日銀利上げ報道の30分後、ドル円はむしろ上がっていました

USD/JPY 9月8日 23時時点153.90-45銭 (152.88〜154.42)
この記事のポイント
  • 11時20分、ドル円は152円88銭。155円という節目を割り込み、2月17日以来およそ7カ月ぶりの安値でした
  • 19時39分、日銀が次回会合で政策金利を1.25%へ引き上げる方針という報道が流れましたが、円は買われず、20時10分に154円42銭まで戻しています

11時20分、ドル円は152円88銭をつけました。155円という節目を割り込んだことで、転換点を迎えたという声も出ていた水準です。ところが19時39分、日銀が今月の会合で政策金利を1.25%へ引き上げる方針だという報道が流れます。円高材料のはずでした。それなのに、ドル円は20時10分に154円42銭まで戻しています。

155円を割った朝

背景にあるのは、日銀の利上げペース加速観測と、ベセント米財務長官の円安是正圧力です。どちらも今週始まった話ではなく、8月末から続いている流れでした。155円という節目を下抜けたことで転換点だという見方が強まり、円安に張っていたポジションの巻き戻しが重なったようです。

みんかぶの記事によると、出来高は前日比で2割ほど減っていたものの、20日平均比では6割近く多かったとのこと。ロング比率は6割台という報道もあり、戻すための巻き戻し余地はもともと大きかったのだと思います。

報道の30分後

19時39分の共同通信の報道は、次回会合での利上げ方針というかなり具体的な内容でした。実現すれば6月以来3カ月ぶりの利上げです。それでも円は買われませんでした。20時10分の154円42銭は、この日の高値です。円高材料が出たタイミングと、値動きの向きが逆になった30分でした。

動いていたのは別の市場

午後の戻りについては、原油相場と米長期金利の上昇がドル買いを支えたという見立てを見かけました。裏の取れる数字までは追い切れていませんが、この日はドル円単体のニュースより、他の市場の動きの方が効いていた可能性があります。

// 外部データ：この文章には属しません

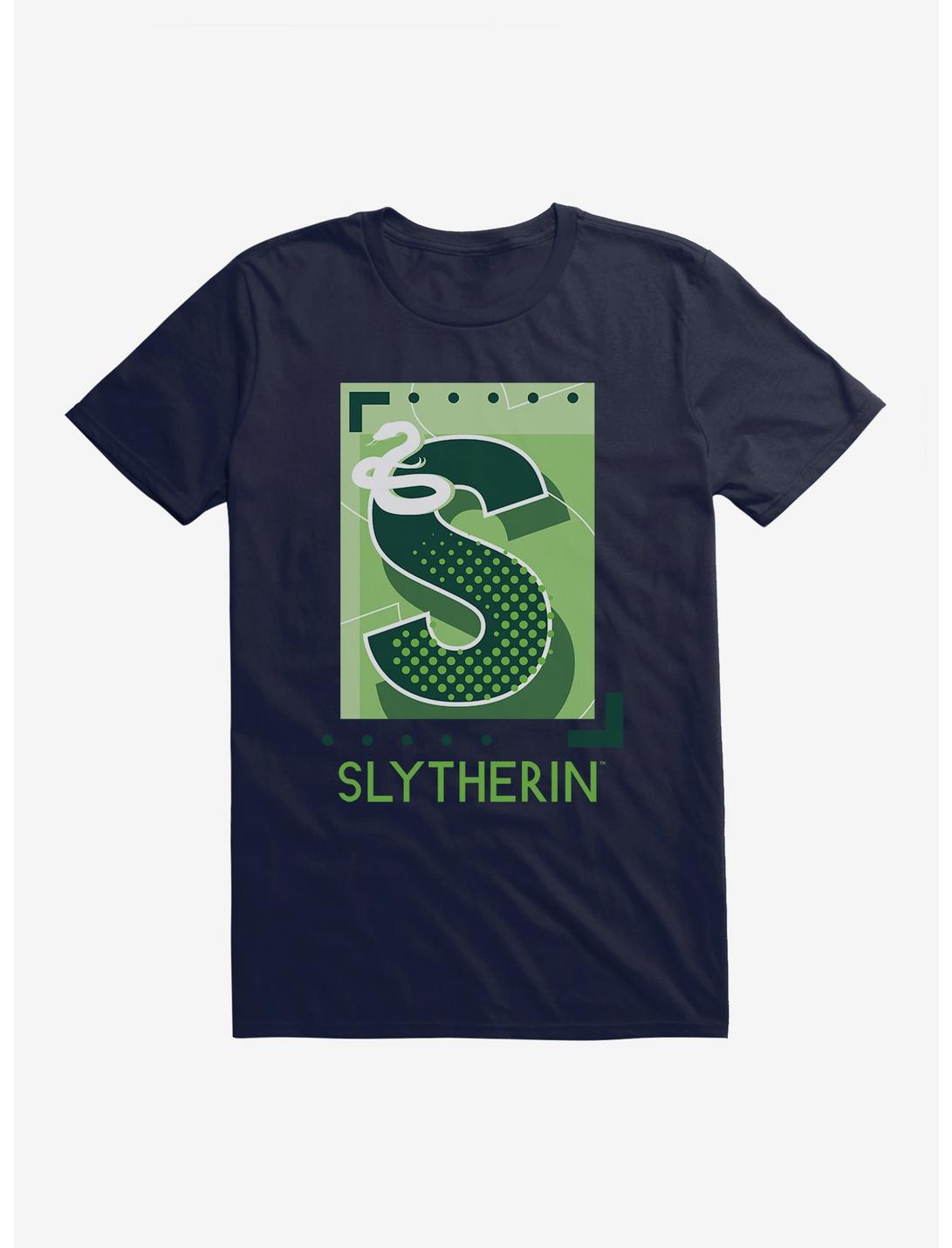 Harry Potter Slytherin S T-Shirt, , hi-res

日本の指標も出た日でした。4〜6月期のGDP改定値は上方修正、7月の国際収支も発表されています。ただOANDAのレポートには、ドル円はこの2つに目立った反応を示さなかったとありました。動いた理由と動かなかった理由が、同じ日にはっきり分かれた形です。

ヨル教授メモ: 円高材料が出た直後に円が売られる。こういう日は、ニュースの中身より値動きの方を先に見ておくに限ります。私も報道を読みながら、なぜ、と首をかしげていました。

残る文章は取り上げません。